Today I want to write about using basic SEO keyword research techniques to validate my early ideas about Eat Local Ballarat and get a sense of whether it was a workable opportunity.
First, the background: I’m planning to create a comprehensive, informative, up-to-date site on the subject of local food in the Ballarat region. To meet its goals it needs to perform well in search engine results, build a strong following on social media, and generate plenty of visitors and buzz.
But how can I tell whether there’s any hope if it doing those things? What I need is concept validation: an early test that will show whether the concept is viable before I throw too much effort into it.
Concept validation for early-stage content sites
If this were a traditional business where I wanted to sell widgets, my first step would be to find a handful of potential widget-buyers and see if I could sell my widgets to them. For a content-based website, the equivalent would be to just start blogging and see if it gets any traffic and engagement.
The problem is, it can take six months to start seeing a payoff in terms of search engine traffic. Building an engaged community generally doesn’t happen overnight, either, as it can take a while for the network effect to ramp up. What I needed was something that I could do in a day or two, before diving in too deep.
I figured there were three general elements that, together, could indicate this idea had legs:
First, I want to make sure that people are interested in the broad subject matter: eating locally. Second, I want to look for existing food websites around Ballarat (if any) and see whether there’s a lack of quality local information on those topics. Finally, I want to find successful sites in other cities/regions but covering the same niche, and see how they’re doing – this will give me an idea of what might be achievable.
Gauging interest in a topic
The first step was to gauge whether people are interested in local food and related topics, and exactly how interested they are in it. I used two tools for this, both from Google and both free: Trends and Keyword Planner. (Note that you need an AdWords account to use Keyword Planner — you can sign up, create a campaign, then immediately pause it in order to use it for free.)
I started by making a list of terms related to my subject area, like:
- local food
- locavore
- sustainable food
- seasonal food
- farmers market
- community garden
- free range eggs
(My list was longer – this is just a sample.)
My first stop was Google Trends, where I fed in a few of these terms to get a sense of their overall popularity. Trends tells you whether the topic is getting more or less popular over time. If you feed in multiple terms together, you can see their relative interest levels on the same chart.

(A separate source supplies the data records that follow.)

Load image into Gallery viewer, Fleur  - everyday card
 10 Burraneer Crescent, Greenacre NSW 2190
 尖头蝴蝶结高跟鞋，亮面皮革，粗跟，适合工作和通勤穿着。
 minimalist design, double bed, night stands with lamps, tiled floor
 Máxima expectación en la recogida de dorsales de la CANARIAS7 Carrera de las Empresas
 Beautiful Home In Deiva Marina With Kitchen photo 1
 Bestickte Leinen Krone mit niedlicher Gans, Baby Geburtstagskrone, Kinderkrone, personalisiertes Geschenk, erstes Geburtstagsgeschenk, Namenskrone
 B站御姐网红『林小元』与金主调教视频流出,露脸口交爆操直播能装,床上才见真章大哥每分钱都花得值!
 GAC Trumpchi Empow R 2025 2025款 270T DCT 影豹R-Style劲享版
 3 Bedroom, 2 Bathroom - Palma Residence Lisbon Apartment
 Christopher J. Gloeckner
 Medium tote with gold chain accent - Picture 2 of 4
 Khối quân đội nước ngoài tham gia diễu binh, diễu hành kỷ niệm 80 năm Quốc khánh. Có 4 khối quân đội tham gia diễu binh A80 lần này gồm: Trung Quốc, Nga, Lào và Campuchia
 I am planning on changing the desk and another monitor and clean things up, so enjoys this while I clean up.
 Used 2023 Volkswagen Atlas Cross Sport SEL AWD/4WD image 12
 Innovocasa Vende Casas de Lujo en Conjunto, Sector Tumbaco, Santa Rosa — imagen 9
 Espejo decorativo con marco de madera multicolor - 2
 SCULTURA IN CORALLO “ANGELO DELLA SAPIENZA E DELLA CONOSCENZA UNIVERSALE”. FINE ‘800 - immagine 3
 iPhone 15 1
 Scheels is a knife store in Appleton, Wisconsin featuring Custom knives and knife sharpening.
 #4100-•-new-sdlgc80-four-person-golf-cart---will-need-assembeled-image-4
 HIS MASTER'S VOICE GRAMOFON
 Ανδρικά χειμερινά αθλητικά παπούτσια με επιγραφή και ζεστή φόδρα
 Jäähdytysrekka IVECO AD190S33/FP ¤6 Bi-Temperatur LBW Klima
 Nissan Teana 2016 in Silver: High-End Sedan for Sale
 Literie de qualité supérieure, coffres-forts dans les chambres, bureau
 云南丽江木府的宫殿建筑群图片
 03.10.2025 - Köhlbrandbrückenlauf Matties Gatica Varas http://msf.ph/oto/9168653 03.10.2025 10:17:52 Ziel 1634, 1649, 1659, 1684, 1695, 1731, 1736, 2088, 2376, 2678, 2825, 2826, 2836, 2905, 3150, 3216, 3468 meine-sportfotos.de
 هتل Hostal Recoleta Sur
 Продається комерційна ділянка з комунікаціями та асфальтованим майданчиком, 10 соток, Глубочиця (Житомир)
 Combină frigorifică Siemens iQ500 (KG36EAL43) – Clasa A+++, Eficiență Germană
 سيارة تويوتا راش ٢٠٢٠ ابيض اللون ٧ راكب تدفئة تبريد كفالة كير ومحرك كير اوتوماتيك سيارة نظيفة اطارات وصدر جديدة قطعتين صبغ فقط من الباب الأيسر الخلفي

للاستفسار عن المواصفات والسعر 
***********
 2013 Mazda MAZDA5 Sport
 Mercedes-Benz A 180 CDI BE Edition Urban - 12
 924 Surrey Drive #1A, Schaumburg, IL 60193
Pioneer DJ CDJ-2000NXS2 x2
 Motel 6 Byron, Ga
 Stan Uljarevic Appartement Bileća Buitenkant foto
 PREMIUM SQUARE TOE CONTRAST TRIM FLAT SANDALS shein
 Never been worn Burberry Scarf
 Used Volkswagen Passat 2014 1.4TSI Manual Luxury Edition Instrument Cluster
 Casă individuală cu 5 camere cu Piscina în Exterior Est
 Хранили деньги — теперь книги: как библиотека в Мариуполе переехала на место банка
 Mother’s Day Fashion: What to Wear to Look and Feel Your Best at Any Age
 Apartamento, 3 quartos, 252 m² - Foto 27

“Local food” vs “Locavore” on Google Trends. Local food has more traffic, but is a vaguer search term; locavore is more likely to indicate well-qualified traffic.
Some search terms show distinct seasonality, like this one for “farmers market” which seems to peak in July every year.

Trends for “farmers market” globally, clearly peaking each July.
This is a hint we’re mostly seeing northern-hemisphere searches, as farmers markets in the colder parts of North America often don’t run in the winter (our summer). However, we can use Trends’ “Regional Interest” data to just view searches in Australia, or even Victoria, and get a better sense of the local interest.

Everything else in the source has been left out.